Not because life is less important than work. It’s because “life” and “work” as two distinct things which can be separated and weighed on a scale no longer exist. Mobile devices, remote-access email, and cross-continental meetings keep people tethered to both their jobs and their personal lives 24-7. The good news for managers and executives is that your employees are always on. The bad news? They’re always on.

A Double-Edged Sword

Work-life balance is more like a work-life tightrope. If employees (and their employers) aren’t careful, they risk stress and burnout.

But “always on” is also one of the most empowering trends in business. More so than ever before, employees have the freedom and flexibility to work from anywhere. This concept is known as “work-life effectiveness.” That, not an illusory balance, is the real goal.

Harnessing the Power of “Always On”

How can companies help their people achieve work-life effectiveness? By investing in programs that cultivate the strengths, and minimize the weaknesses, of “always on.”

Companies must support work styles that serve employees at all ends of the spectrum. Workaholics are predisposed to 17 hour workdays; they need to feel external pressure before they’ll take time off. And procrastinators? Without enough structure, they’ll fall through the cracks.

Your company needs to make sure that everybody is happy, healthy, and performing optimally. Here are some pointers to get started:

1. Build a Culture of Trust

It’s tough for employees to be motivated when they feel as if they’re under a microscope. They may be uncomfortable taking time off, and scared to work from home — even if they’re spending late (and possibly unproductive) nights at the office.

To keep employees from confusing productivity with logging time at a desk, encourage them to spend some of that time working in an alternative environment where they can be efficient. Avoid the appearance of favoritism by establishing a formal company policy regarding remote working. Ask managers to keep a pulse on stress (and sleep) levels and ensure that their people are taking time off occasionally to rest and recharge.

2. Embrace Fun at the Office

The concept of work-life balance assumes that people aren’t happy and fulfilled at work. That’s a problem. Study after study links employee morale with profitability. If your employees aren’t happy, your business is in serious trouble.

According to GeekWire.com, workplace happiness is driven more by co-workers than managers. Understanding this trend, leadership teams should aim to create a sense of community within the workplace with regular lunches, happy hours, and off-site events.

More importantly, companies need to put serious thought into their hiring decisions. Build a community of people who mesh well with each other and have fun together. It’s much more enjoyable to spend 40+ hours a week with coworkers that you’ll enjoy being around.

If you’re not sure where to start, start by talking with your employees and getting a good understanding of what they perceive as lacking.
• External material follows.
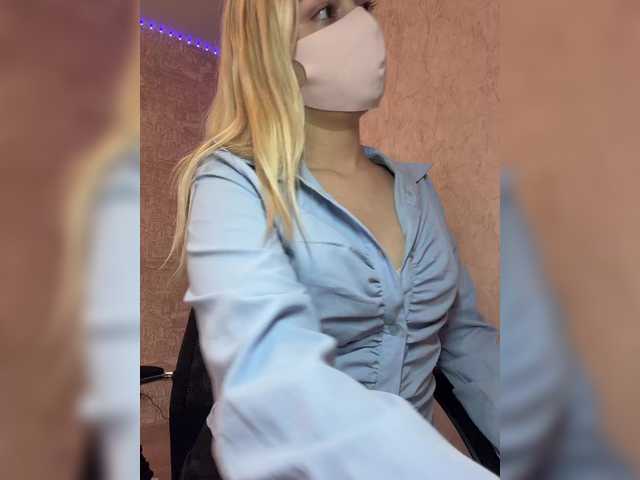 KiraBlin live cam on BongaCams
It may be easier to use a simple office poll so people can remain anonymous. You may be surprised at how eager your employees are to share their “ideal” workplace. Take these findings and start to incorporate them on a weekly basis.

3. Give Employees Their Space

Managers, keep those midnight emails to a minimum. Even if you’re a night owl, many of your employees aren’t. An evening email can put unnecessary pressure on team members to compulsively check their smartphones — even if you don’t expect a response. It’s unnecessary stress.

Save your messages as drafts, and wait until the next morning to send them. If your employees see their managers online late at night, they may feel pressured to be available rather than resting and recharging.

Learning to Manage Less

It may sound counterintuitive, but organizations can encourage work-life effectiveness by managing their employees less. Encourage team members to self-regulate their time in the office and workloads. Focus on empowering them with the resources to succeed, and measure performance based on results and outcomes. Micro-managing will take you nowhere. Additionally, employees and teams who are given autonomy to manage their projects as they see fit will appreciate the ability to self-start and self-organize. Hire good people that you trust and then get out of the way.